Eventually, a group of people from our block complained to the city about Ms. Stenny's fox, but it turned out that she actually had a license to keep it. So the situation remained that this fox was running roughshod over our neighborhood, and there was nothing we could do about it (if this had been farther south, I'm pretty sure someone would have taken matters--or at least a shotgun--into their own hands and solved the problem). So people--especially the men--on our block found themselves in a uncomfortable and helpless position. They would encounter Ms. Stenny's fox on their way home from work and all they could do was stare impotently and say, "bastard fox." The fox could turn around, spray piss at them, and their hands would be tied. We were under that little canine's thumb.
But I think Ms.

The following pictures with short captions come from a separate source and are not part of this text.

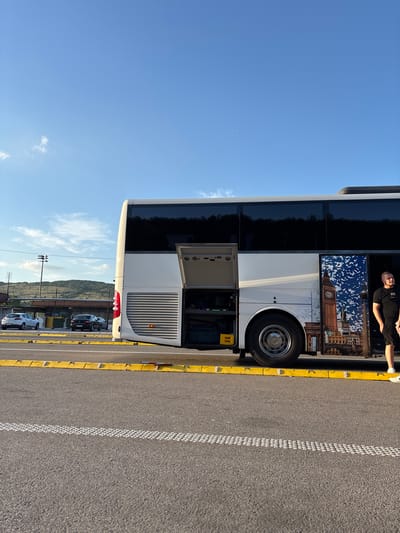 The image shows a large, white and black double-decker bus parked on an asphalt surface with yellow curbs. The bus has an image of London landmarks on its side. A man wearing a black shirt and shorts is visible inside the upper level of the bus. The sky is clear blue, and in the background, there are parked cars, a hill, and power lines. While the exact location within the Dimitrovgrad Municipality is not discernible from the image, it suggests a parking area near a roadside with views of surrounding landscape.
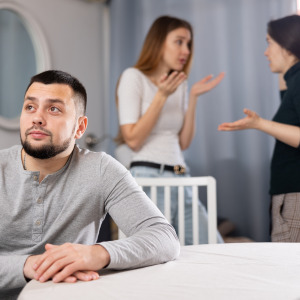 A displeased man sits facing away two female relatives who are fighting.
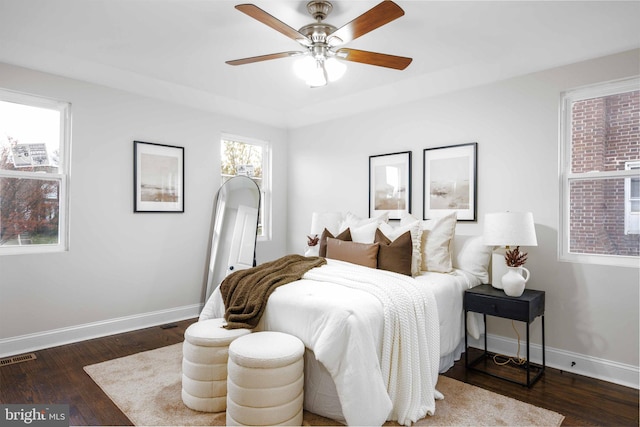 bedroom with ceiling fan and dark hardwood / wood-style flooring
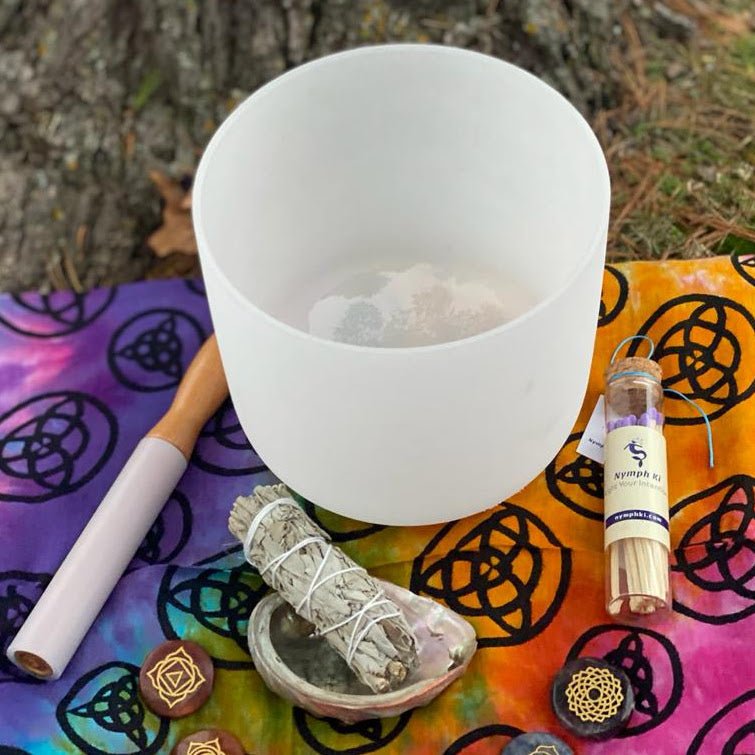 Crystal singing bowl with chakra stones and an abalone shell on a colorful sacred cloth.

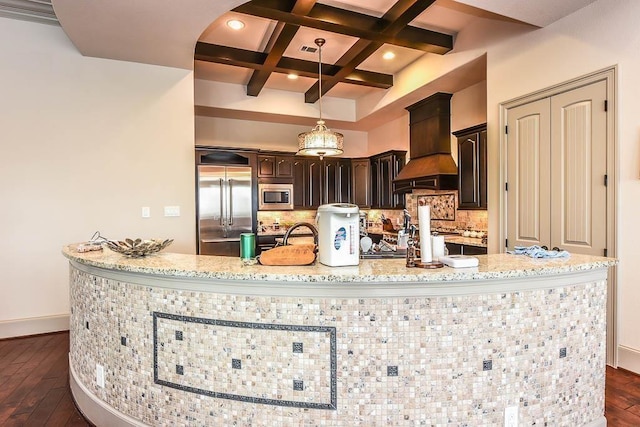 12349 Tramonto Dr, Conroe, TX 77304 - kitchen featuring built in appliances, custom range hood, coffered ceiling, dark brown cabinetry, and dark wood-type flooring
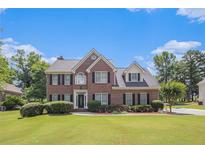Charming two-story brick home with lush lawn, manicured landscaping, and a symmetrical facade under a bright, blue sky at 1644 Beaver Creek Ln, Snellville, GA 30078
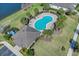 Aerial image of a community pool surrounded by lush landscaping, lounge chairs, and a nearby cabana for residents at 4544 Teoli Ct, Kissimmee, FL 34746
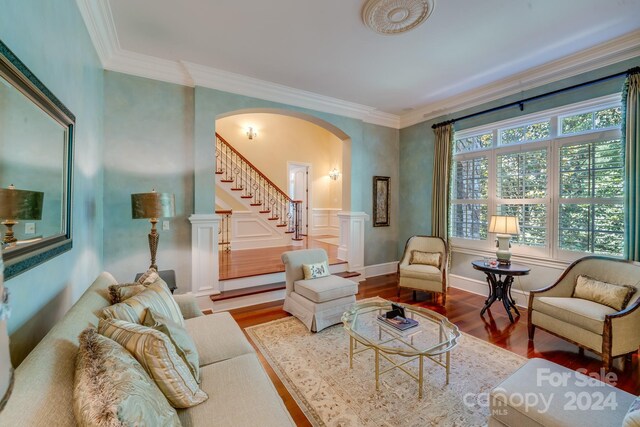 living room featuring stairs, arched walkways, wood finished floors, and crown molding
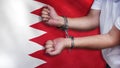 A man getting under arrest in Bahrain. Concept of being handcuffed, detained, incarcerated and jailed in said country. National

Stenny empathized with us in some way--not enough to ditch the fox-- but enough to try to do what she could to maintain good relations. In fact, she went about this in a fairly straightforward way. She hooked up some loudspeakers to her car, and each morning as she would drive out of the neighborhood to go to work, she would sing to her neighbors in an attempt to ease the oppresion we all felt from her pet. I can still remember the song she would sing, as I lay in my bed in the dawn, listening. She sang:
"Don't be ruled by the fox that I've got,
I'm Jill, I'm Jill Stenny from the block."